If this codebase was large enough, with long deep inheritance trees, this would be a nightmare. The lesson: every time you bake behavior into a parent class, you’re betting that all future children will need it. When that bet is wrong, the whole hierarchy fights you.
Composition 🧩
Composition aims to solve this by making the traits more composable and reusable. Instead of inheriting behavior, you build it up. You compose it. In composition we won’t define behaviors inside of parents. Let’s see how we will define them. We start simple, we want a primate
class Primate {
name: string;
constructor(name: string) {
this.name = name;
}
}A primate has a name. Cool. Then we decide we want to have monkeys. Monkeys are primates. We create a class for them.

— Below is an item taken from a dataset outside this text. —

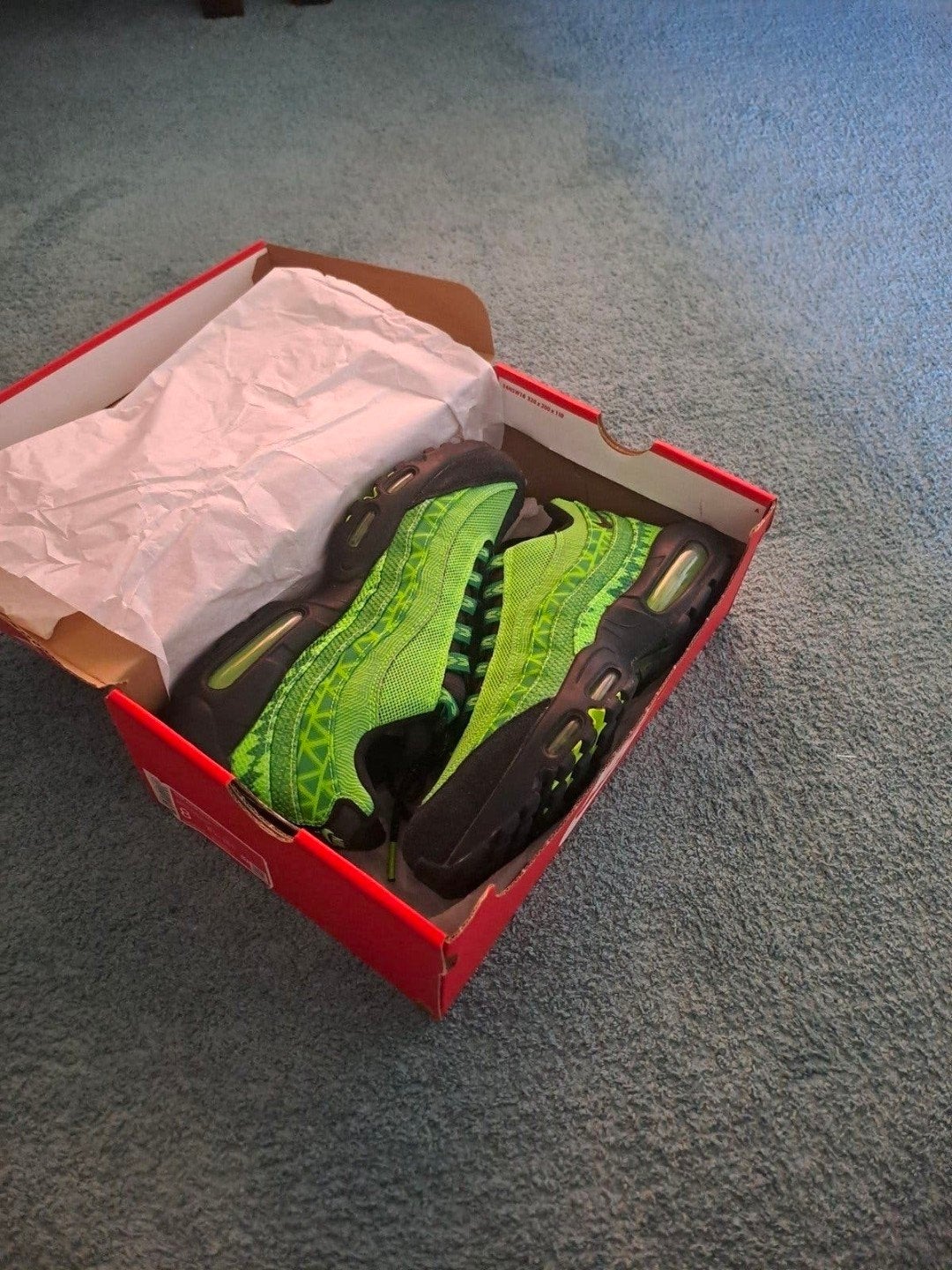 Nike Air Max 95 OG, Enlèvement ou Envoi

class Monkey extends Primate {} // Monkey has a name 🐒We want the monkey to be able to show us their tail
class Monkey extends Primate {
showTail() {
console.log("look at my tail");
}
}Then we decide we want to have baboons.
class Baboon extends Primate {}Baboon and Monkey have a common behavior. They both can show us their tails. So we make both of them implement an interface
interface ITailBragger {
showTail: () => void;
}
class Monkey extends Primate implements ITailBragger {
showTail() {
console.log("look at my monkey tail");
}
}
class Baboon extends Primate implements ITailBragger {
showTail() {
console.log("look at my baboon tail");
}
}We then want monkeys to hang by their tails. We can add this functionality in the monkey class.

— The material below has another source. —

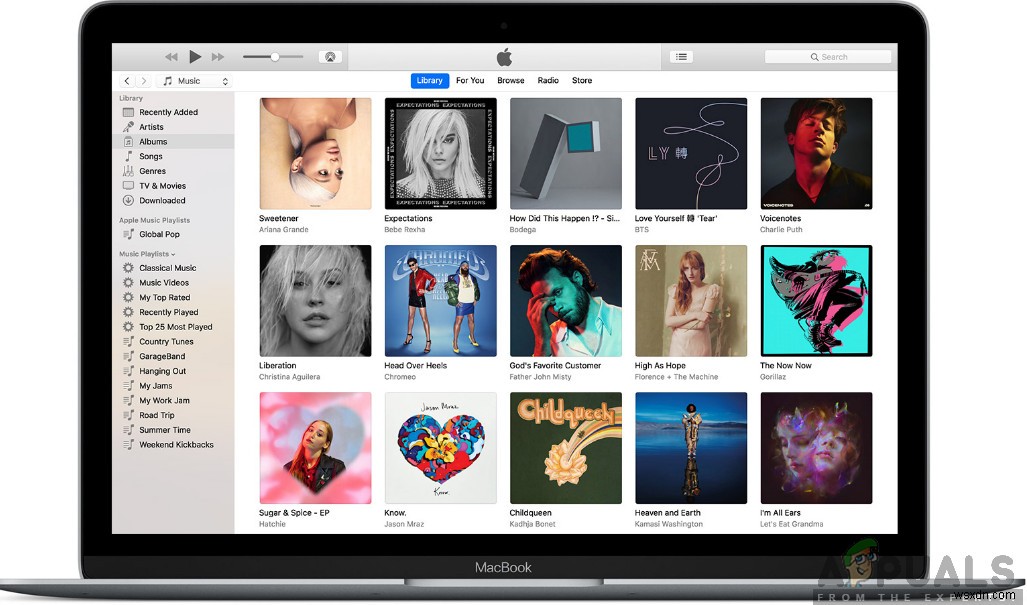 Cách khắc phục lỗi iTunes 0xe8000015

class Monkey extends Primate implements ITailBragger {
showTail() {
console.log("look at my monkey tail");
}
hang() {
console.log("I am hanging by the tail woohoo");
}
}If we decide to add another type of Primate ie human, we can do this
class Human extends Primate {}If we decide we want Humans and Monkeys to all hang, we just extract that into an interface and compose those classes to implement the new interface
interface IHanger {
hang: () => void;
}
class Monkey extends Primate implements ITailBragger, IHanger {
showTail() {
console.log("look at my monkey tail");
}
hang() {
console.log("I am hanging by the tail woohoo");
}
}
class Human extends Primate implements IHanger {
hang() {
console.log("Look at me hanging by the hands");
}
}Notice how much easier this is to modify. We do not have to buy into inheritance trees and pay the cost of making wrong assumptions. This is easily extensible and allows us to make minimal modifications when we decide to add common functionality. Here’s the full picture
class Primate {
name: string;
constructor(name: string) {
this.name = name;
}
}
interface ITailBragger {
showTail: () => void;
}
interface IHanger {
hang: () => void;
}
class Monkey extends Primate implements ITailBragger, IHanger {
showTail() {
console.log("look at my tail");
}
hang() {
console.log("I am hanging by the tail");
}
}
class Baboon extends Primate implements ITailBragger {
showTail() {
console.log("look at my tail");
}
}
class Human extends Primate implements IHanger {
hang() {
console.log("cool human");
}
}Now we can do this
function hang(animal: IHanger) {
console.log(animal.hang());
}
const andrew = new Human("andrew");
hang(andrew); ✅but this will not work
function hang(animal: IHanger) {
console.log(animal.hang());
}
const babs = new Baboon("babs");
hang(babs): ❌ // 'Baboon' is not assignable to parameter of type 'IHanger'.Summary ❓
Inheritance forces you to predict the future. You lock behavior into a parent class and hope every child will need it. When requirements shift — and they always do — you’re stuck reshuffling hierarchies. Composition flips this. You start with the bare minimum and add behavior only where it’s needed, through interfaces. When something changes, you update the one class that cares, not the entire tree. The primate example is simple, but the pattern holds at any scale: prefer composing small, focused behaviors over inheriting from a parent that tries to be everything.